I just heard the sound of 20 ILx0rs being fired.

Mr. Diamond (diamond), Monday, 21 April 2003 00:04 (10 years ago) Permalink

3 weeks pass...
how do you turn a duck into a soul singer?

put it in the microwave until its bill withers

del a robbo, Saturday, 17 May 2003 16:39 (10 years ago) Permalink

1 year passes...
" I can't Write Left Handed" is blowing me away. i've practically had it on repeat for the last 3 days. WOW. (This is only slghtly ruined by the fact that Rick Astley stole the harmonies for his actually pretty good soul pastiche "cry for help"). The version i have seems to be a live version - is this the most commonly available version? anything more along these lines from his catalogue i should look out for? if you haven't heard this you really must. You will thank me, i assure you.

jed (jed_e_3), Thursday, 5 August 2004 16:59 (8 years ago) Permalink

Jill Scott did a mean version of "Use Me" when I saw her live in Manchester a couple of years back- and it was the opening tune. "Harlem" is a bit of a belter too, more of a foot-stompin'-soul type Bill - he did a bit of presenting for BBC Radio 2 last year on a series of soul retospective programmes.

neil tacus (tacit), Thursday, 5 August 2004 18:21 (8 years ago) Permalink

Twista & Anthony Hamilton made me want to buy lots of Bill Withers albums.

Jordan (Jordan), Thursday, 5 August 2004 18:22 (8 years ago) Permalink

"I can't Write Left Handed" is blowing me away

yeah i was just going to bring this one up, too. i like the version on the live at carnegie hall album best. more/less relevant than ever?

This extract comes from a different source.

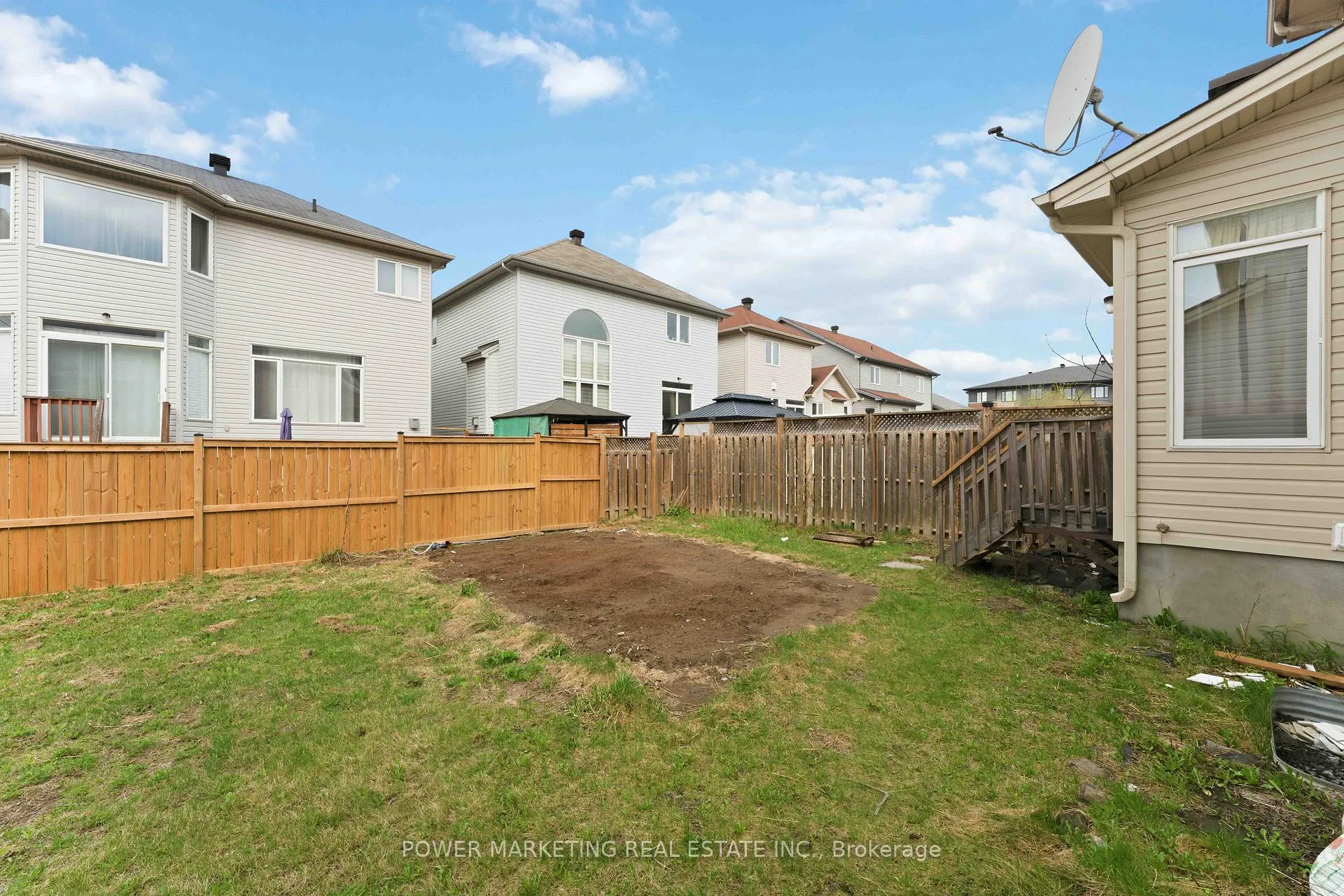 Photo 27 of 116 Esterbrook Drive, Ottawa, Mer Bleue/Bradley Estates/Anderson Park — HOMEH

vahid (vahid), Thursday, 5 August 2004 19:13 (8 years ago) Permalink

what's Menagerie like then?

Sonny A. (Keiko), Thursday, 5 August 2004 19:15 (8 years ago) Permalink

I always wanted to hear a version of "Use Me" sung by a woman... would change the implications of the song considerably, I think.

Also always loved "Who Is He (And What Is He To You?)," esp. Gladys Knight's spine-chilling version...

-- Douglas (il...), April 19th, 2003.

I don't know where it came from, but I've got a version of it by Fiona Apple that's pretty true to the original.

JC-L (JC-L), Thursday, 5 August 2004 19:35 (8 years ago) Permalink

i'm listening to ain't no sunshine right now. one of those songs that makes me want to put my head under a pillow.

lauren (laurenp), Thursday, 5 August 2004 19:39 (8 years ago) Permalink

Yep, he's fine. "Lonely Town, Lonely Street" is amazing. "Another Day to Run" too. I had only remembered him from his hits and then went out and bought the reissue of "Still Bill." He makes it sound so effortless.

Joe Simon I like too--he recorded for Sound Stage 7 in Nashville. A bit more of a conventionally "good" singer but great.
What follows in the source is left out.